In this blog, we’ll address some frequently asked questions about JIRA-issue permission setups that our JIRA consulting team receives from various clients. While there isn’t a single best-fit solution that works for every organization, it is possible to avoid costly errors by clarifying some presumptions before developing your use case.

1. What is the purpose of defining a JIRA security requirement?

Even though JIRA is set up to handle project access and issue permissions using standard issue permissions, many businesses continue to doubt the necessity of the JIRA security standards. Every project has different security requirements, and no thorough investigation is carried out before specifying issue permissions, external user access, and project access controls. Because of this, every business must evaluate every use case to establish its unique security needs. Here are a few undesirable specifications or results that should be avoided.

  • The limits on JIRA project access control, such as who is allowed access and who has to be denied access, are not specified.
  • There are no project classification rules to identify the sensitive and private information in the project and specify the limitations on data visibility.
  • There are no comprehensive details on the requirements for restrictions and permissions, such as
    • Who can grant what kind of permission, and to what extent?
    • Which people or groups should have access to which limited permissions?
    • Who must be included in the permissions with restrictions?
  • Lack of clear understanding of issue-level security restrictions and their control; no project-level issue-level security guidelines to define issue restrictions
  • Lack of definitions and limitations for global permissions.

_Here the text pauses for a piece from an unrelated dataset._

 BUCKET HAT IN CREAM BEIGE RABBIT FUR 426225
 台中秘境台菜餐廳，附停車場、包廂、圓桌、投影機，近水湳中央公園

Absence of group classification to determine which group can be set up with what degree of global permissions
  • No details on the external users’ policy and its restrictions

2. Have we configured the issue permission scheme effectively?

The effectiveness of each organization’s unique security configuration needs to be reviewed and audited. Most enterprises that issue permissions do not follow adequate security best practices and reusability across projects. Each permission has its capabilities and limits; some of the most frequent errors are shown below.

  • Every issue permission is given to “Any Logged in User,” allowing access to the JIRA instance for everyone with access. The permissions are not set up with project access control measures or organizational security constraints.
  • The “User” or “Group” has been granted permission to issue. The reusability of the scheme between projects is impacted when teams add users or groups directly with the necessary permission. Increased maintenance efforts result from adding more users or groups to the permissions. In addition, it is not a best practice and increases the danger of user or group dependence.
  • Assigning the “Browse Project” permission to “Any Logged-in User,” “User,” or “Group” will allow that user to view project data. This permission directly affects the project’s data visibility and access control.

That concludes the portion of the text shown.